Clearly aimed at the global arena, the casting was meant to please British, French, and American markets, and Dyan Cannon's presence as an idyllic love interest fuels interludes of roguish charm with gleefully overconfident Jean-Paul Belmondo. In Burglars, her third-billing is merely a billboard lure, since her handful of scenes restrict the grinning actress to short moments of Belmondo bar chatter, a brief exterior scene, and a slap-around session that's part of Verneuil's weak attempt to add classic crime conventions to a film already hampered by an opening heist larded with fantastical Bondian gadgetry. (If the clock is ticking, carting a chrome-polished gizmo on site with all kinds of knobs, buttons, and paper insertions is an invitation for easy police arrest.)

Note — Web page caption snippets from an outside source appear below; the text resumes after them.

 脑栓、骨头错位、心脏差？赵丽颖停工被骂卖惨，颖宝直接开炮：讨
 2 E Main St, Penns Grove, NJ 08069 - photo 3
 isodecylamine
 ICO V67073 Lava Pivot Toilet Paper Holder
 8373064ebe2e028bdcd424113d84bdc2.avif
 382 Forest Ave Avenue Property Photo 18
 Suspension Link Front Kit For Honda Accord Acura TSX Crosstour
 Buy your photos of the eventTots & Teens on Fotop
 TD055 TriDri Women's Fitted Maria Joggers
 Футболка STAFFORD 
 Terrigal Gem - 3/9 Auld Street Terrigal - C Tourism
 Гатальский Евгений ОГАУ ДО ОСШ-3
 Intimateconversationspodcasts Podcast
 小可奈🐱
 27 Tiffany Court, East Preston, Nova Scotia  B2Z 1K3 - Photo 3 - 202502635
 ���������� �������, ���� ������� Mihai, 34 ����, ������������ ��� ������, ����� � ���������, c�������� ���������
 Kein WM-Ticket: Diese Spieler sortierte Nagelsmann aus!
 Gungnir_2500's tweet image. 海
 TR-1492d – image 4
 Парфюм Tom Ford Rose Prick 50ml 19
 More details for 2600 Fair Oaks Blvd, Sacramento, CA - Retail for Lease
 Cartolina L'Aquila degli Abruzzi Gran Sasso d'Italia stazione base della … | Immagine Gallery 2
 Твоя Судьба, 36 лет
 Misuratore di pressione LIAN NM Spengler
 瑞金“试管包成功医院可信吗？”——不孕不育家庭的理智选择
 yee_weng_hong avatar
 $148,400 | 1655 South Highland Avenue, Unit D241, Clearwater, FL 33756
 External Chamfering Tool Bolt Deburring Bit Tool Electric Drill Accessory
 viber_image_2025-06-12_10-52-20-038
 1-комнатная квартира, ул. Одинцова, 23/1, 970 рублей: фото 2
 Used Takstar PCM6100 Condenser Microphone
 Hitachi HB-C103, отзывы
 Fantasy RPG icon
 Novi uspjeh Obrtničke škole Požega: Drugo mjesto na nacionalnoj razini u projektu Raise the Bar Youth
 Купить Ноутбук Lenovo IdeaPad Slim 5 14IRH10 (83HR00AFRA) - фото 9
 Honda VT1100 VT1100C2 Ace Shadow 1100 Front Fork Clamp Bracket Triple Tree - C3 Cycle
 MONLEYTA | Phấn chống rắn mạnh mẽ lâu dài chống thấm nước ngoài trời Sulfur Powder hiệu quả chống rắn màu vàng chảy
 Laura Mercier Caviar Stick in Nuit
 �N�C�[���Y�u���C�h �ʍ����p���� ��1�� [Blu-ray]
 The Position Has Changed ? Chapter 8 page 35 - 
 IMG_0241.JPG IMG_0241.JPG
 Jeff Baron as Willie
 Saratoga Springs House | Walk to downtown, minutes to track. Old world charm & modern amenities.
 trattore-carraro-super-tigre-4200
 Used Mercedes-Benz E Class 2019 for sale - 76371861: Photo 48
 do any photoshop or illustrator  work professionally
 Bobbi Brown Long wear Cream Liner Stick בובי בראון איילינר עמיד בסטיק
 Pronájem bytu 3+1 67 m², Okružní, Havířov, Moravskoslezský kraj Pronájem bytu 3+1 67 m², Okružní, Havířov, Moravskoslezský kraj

It's a hit and mostly miss production, though Sharif - clearly relishing his chance to incinerate the last traces of his matinee persona - is delightful as the corrupt top-cop able to chase Belmondo through the streets of the film's undefined Mediterranean city with impunity, and avoid killing a single gawking bystander. (Sharif really began to radicalize his image in 1968 by playing the double-crossing slimeball in J. Lee Thompson's similarly bloated, but way more fun western suspenser, MacKenna's Gold.) Sharif's scene in a grainery is often cited as a classic depiction of cruel (but deserved) irony, but his best moment involves a casual game of bullseye, testing marksmanship against mounting intoxification.
The cited car chase (ah, the legacy of Bullitt) is another prime example of some first-rate stunt driving, and Verneuil makes sure the mounting speed, screeching tires, and vehicular trauma are conveyed from myriad angles - with plenty of shrapnel flying off in every direction. Just as memorable are Belmondo's actual stunts, which include an outrageous chase atop moving cars and bus; and one stunning shot that has the film's star falling away from the camera and down a treacherous hillside (hence the film's catchy poster art) before he bounces another few meters into a dusty heap. Those moments alone make the film worth a peek, but the lack of any meaty story - wrapped up in the shorter, original 1957 Columbia film, The Burglar, with Dan Duryea and Jane Mansfield - makes it a tough journey.
Alpha Digital's DVD boasts an anamorphic transfer of a widescreen print, but it's a pretty beat-up copy that the discs' producers have used. The opening titles still lose content at the edges, and there's nasty scratches plaguing the first reel. The colours also fade and shift in certain reels, and the print sharpness is unbalanced. It's still the only way at present to see the film in its huge 'scope ratio, but Claude Renoir's elegant cinematography won't be dignified until Burglars receives a proper DVD release.
In terms of Extras, the disc includes a short still montage, with lobby cards and some behind-the-scenes stills edited to a stereo track from Ennio Morricone's evil score - itself largely comprised of a maniacally repetitive main theme that rapidly devolves into pure Muzak. (Those familiar with the score but having never seen the film should get an amusing jolt from the bizarre girl-girl dance number. Using garish primary colours and oversized geometric blocks, the number's now-laughable modernity is set to a silky, brassy, jazz track, showcasing Edda Dell'Orso's prominent crooning.)
Some great sequences, but pretty tepid.